On today’s podcast, Wes Reisz talks with Jason Maude of Starling Bank. Starling Bank is a relatively new startup in the United Kingdom working in the banking sector. The two discuss the architecture, technology choices, and design processes used at Starling. In addition, Maude goes into some of the realities of building in the cloud, working with regulators, and proven robustness with practices like chaos testing.
Key Takeaways
- Starling Bank was created because the government lowered the barrier to entry for banking startups, in reaction to previous industry bailouts.
- The system is composed of around 19 applications hosted on AWS and running Java and backed by a PostgreSQL database.
- These applications are not monolithic, but are focused around common functionality (such as a Card or Payment Service).
- Java was chosen primarily because of its maturity and long-term viability/reliability in the market.
- The heart of Starling lies in every action the system takes happening at least once, and at most once.
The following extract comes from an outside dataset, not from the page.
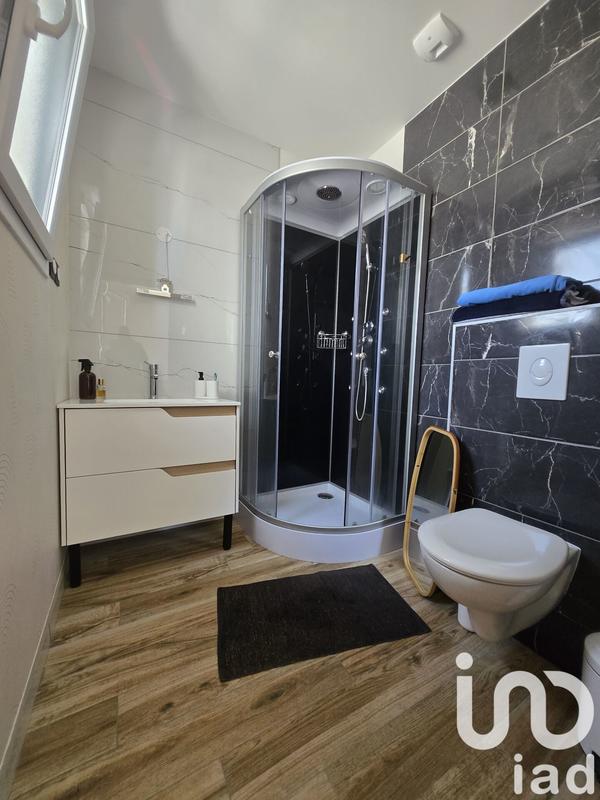 Maison - 121 m² - 5 pièces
To help with these rules, everything in their system uses as a correlation id (UUID), which is used to make sure these two rules are met.
Subscribe on:
Show Notes
Why would you agree to deliver a talk with only 24h notice?
- 02:00 I wanted to start speaking at conferences, and this was a fantastic opportunity.
- 02:15 I like talking about our architecture, and how we’ve taken the fairly conservative industry (in banking) and shaken it up, showing that you can run at the same speed that start-ups do.
How did the talk you gave previously in London differ from the talk you’ve just given in San Francisco?
- 03:35 Although it will be very similar, I will be focusing on different things - the environment and kind of attendees are thinking about different things.
- 03:55 For London - where a lot of things are concentrated around financial services - the idea of deploying once a day is madness.
- 04:10 Finance is conservative, and likes to deploy on very slow, stable timescales.
- 04:20 If you go to San Francisco, and tell people you’re deploying once per day, they will wonder why you’re deploying so slowly.
- 04:30 Technology companies like Twitter and Google push out code faster, and have massively high volumes and users.
- 04:40 If I asked them to imagine that I had to guarantee that a tweet I posted was seen by every single one of their followers in their feed, they might not know how to guarantee it.
- 05:05 That’s the sort of thing we have to deal with: if you make a payment, that payment will reach the other side, or we’ll tell you about it quite quickly and you’ll have to try again.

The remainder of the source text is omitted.